Given the entries below, would you transcribe exactly the lines starting at the one with "Emiliano's Burguer - Aranjuez" and ending at the one with "Chelsey Walker - @chelsobrill - TikTok", both kept, pictures omitted, nothing extra?

[Supplied information]

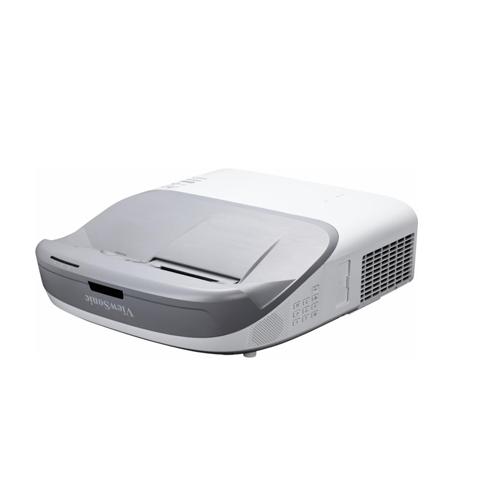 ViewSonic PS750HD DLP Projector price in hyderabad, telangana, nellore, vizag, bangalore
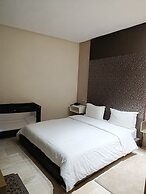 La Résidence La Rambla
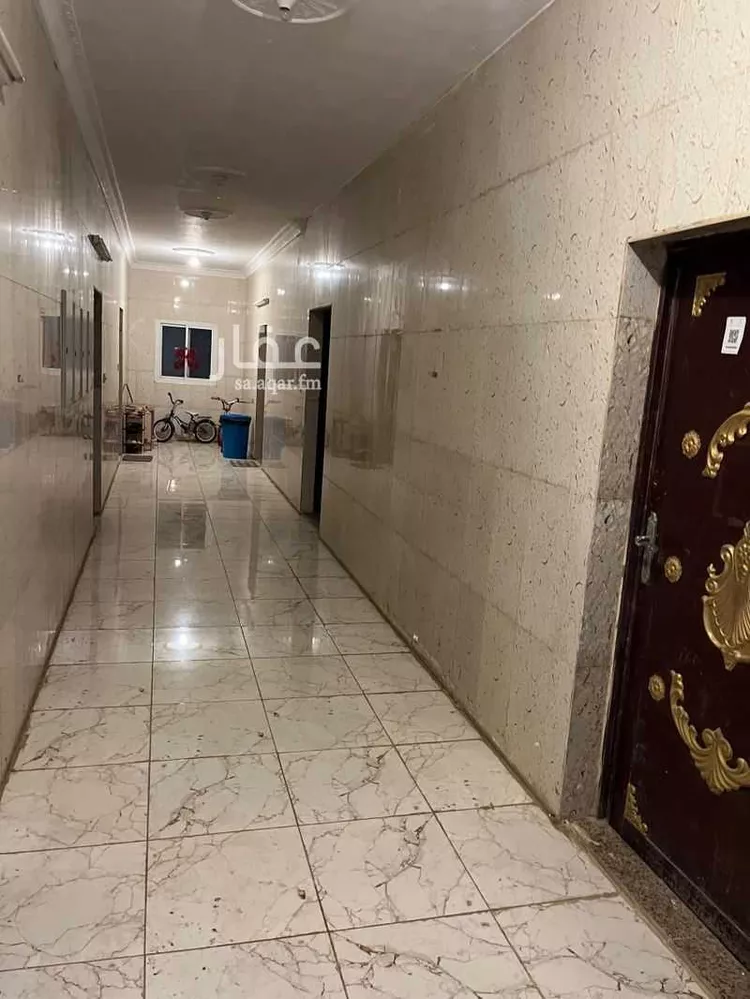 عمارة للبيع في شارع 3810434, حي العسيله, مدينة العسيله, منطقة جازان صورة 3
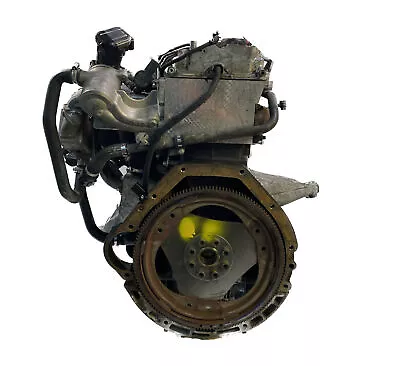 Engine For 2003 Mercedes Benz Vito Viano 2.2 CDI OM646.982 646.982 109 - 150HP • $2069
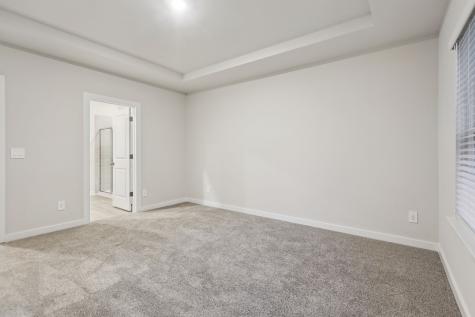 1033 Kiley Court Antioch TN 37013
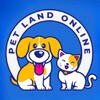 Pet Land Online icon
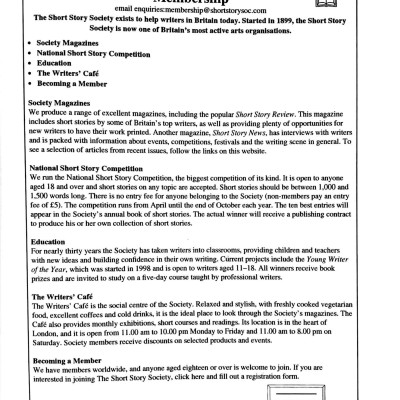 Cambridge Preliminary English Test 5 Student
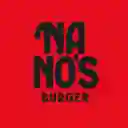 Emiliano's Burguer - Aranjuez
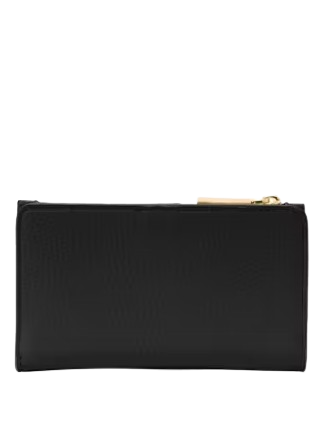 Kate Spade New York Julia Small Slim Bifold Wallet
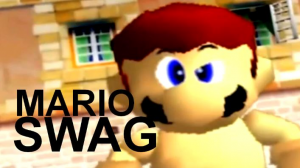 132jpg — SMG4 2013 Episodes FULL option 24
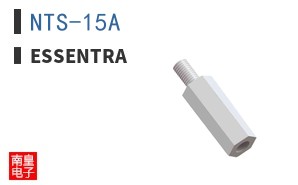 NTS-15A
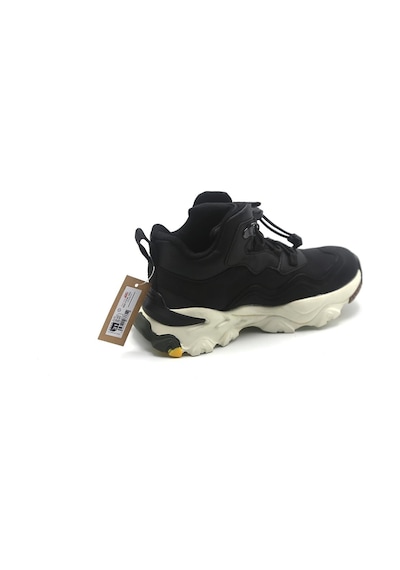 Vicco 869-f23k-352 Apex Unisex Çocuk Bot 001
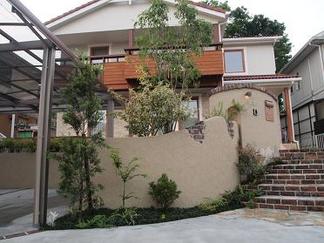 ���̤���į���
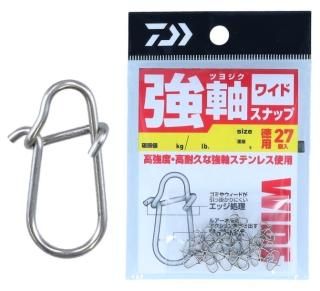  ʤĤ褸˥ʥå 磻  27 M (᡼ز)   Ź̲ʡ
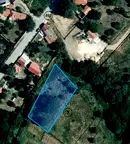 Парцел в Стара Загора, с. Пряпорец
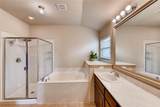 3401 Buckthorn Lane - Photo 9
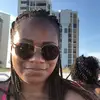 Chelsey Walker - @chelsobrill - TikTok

[/Supplied information]
[Supplied information]

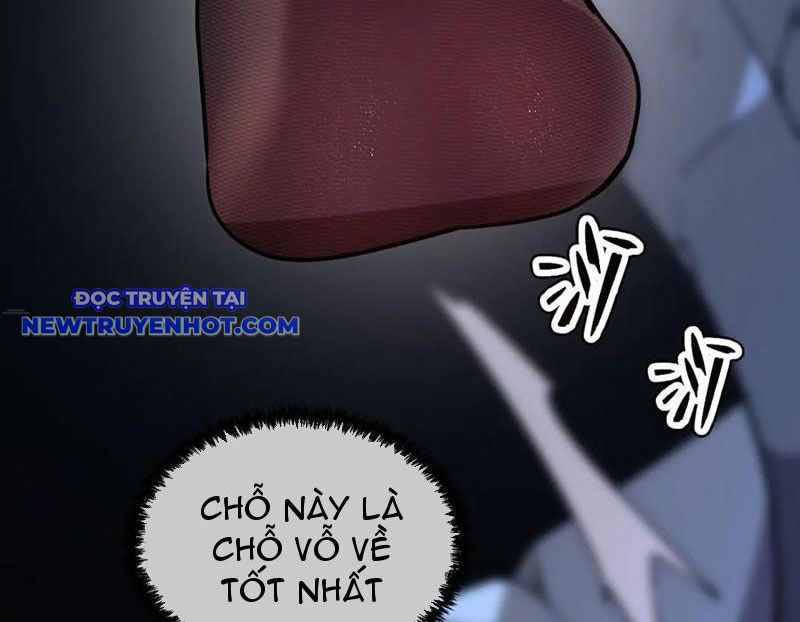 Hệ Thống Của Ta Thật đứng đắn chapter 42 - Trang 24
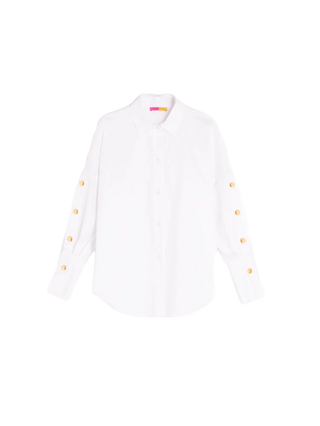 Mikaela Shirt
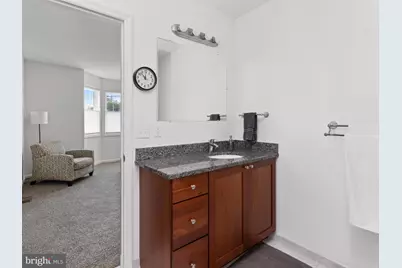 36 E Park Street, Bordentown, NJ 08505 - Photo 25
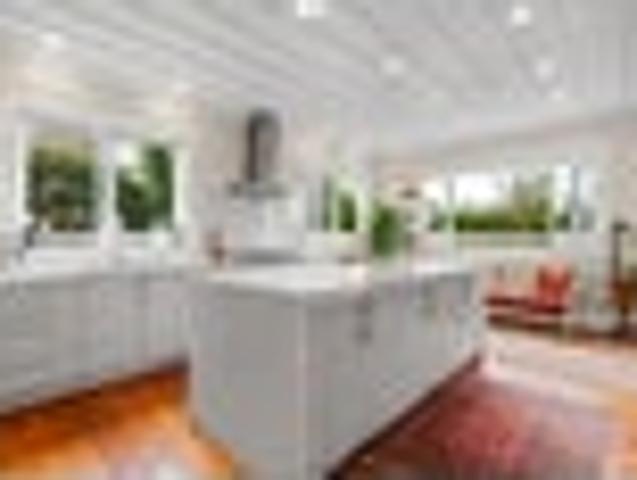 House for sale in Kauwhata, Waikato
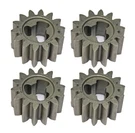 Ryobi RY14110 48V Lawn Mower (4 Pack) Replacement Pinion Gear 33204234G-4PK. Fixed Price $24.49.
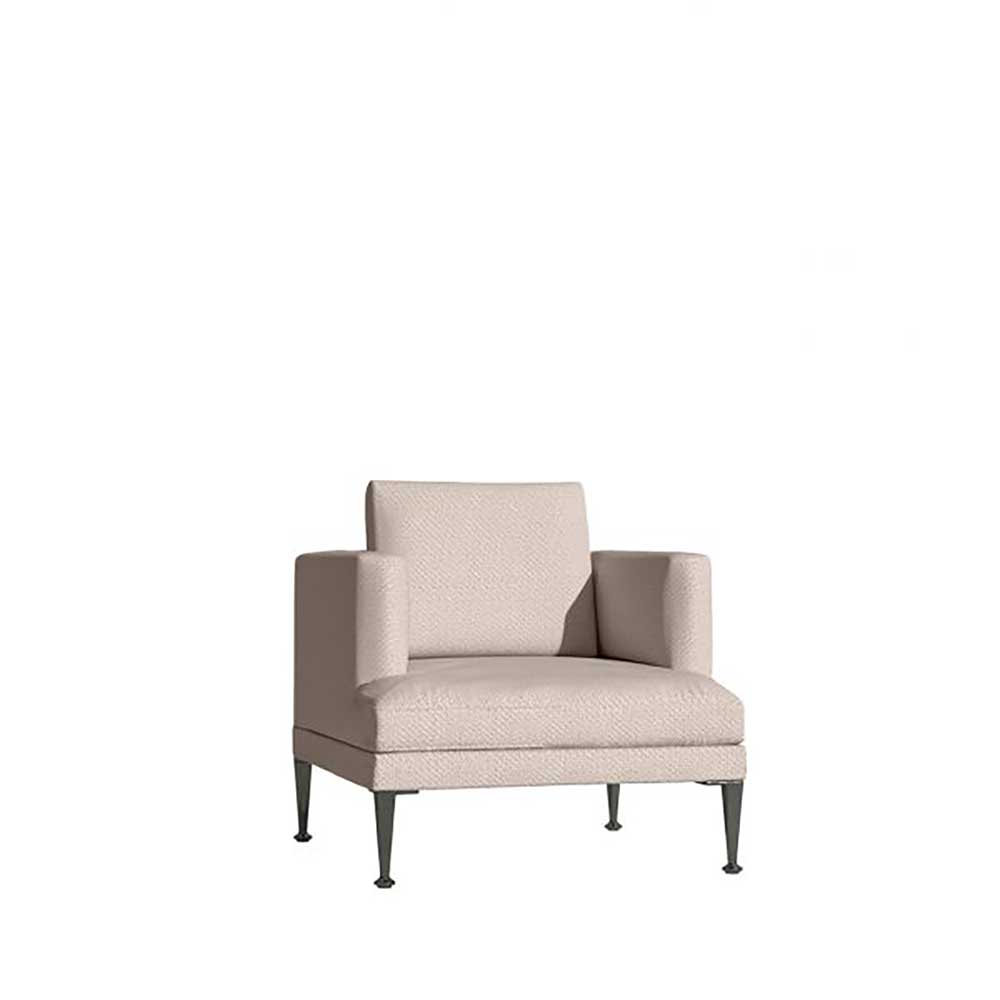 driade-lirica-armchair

[/Supplied information]
[Supplied information]

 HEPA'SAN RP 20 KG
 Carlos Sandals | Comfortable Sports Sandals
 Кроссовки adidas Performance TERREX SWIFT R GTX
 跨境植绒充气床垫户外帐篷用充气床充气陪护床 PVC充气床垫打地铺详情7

[/Supplied information]

### Output of the exercise
 Emiliano's Burguer - Aranjuez
 Kate Spade New York Julia Small Slim Bifold Wallet
 132jpg — SMG4 2013 Episodes FULL option 24
 NTS-15A
 Vicco 869-f23k-352 Apex Unisex Çocuk Bot 001
 ���̤���į���
  ʤĤ褸˥ʥå 磻  27 M (᡼ز)   Ź̲ʡ
 Парцел в Стара Загора, с. Пряпорец
 3401 Buckthorn Lane - Photo 9
 Chelsey Walker - @chelsobrill - TikTok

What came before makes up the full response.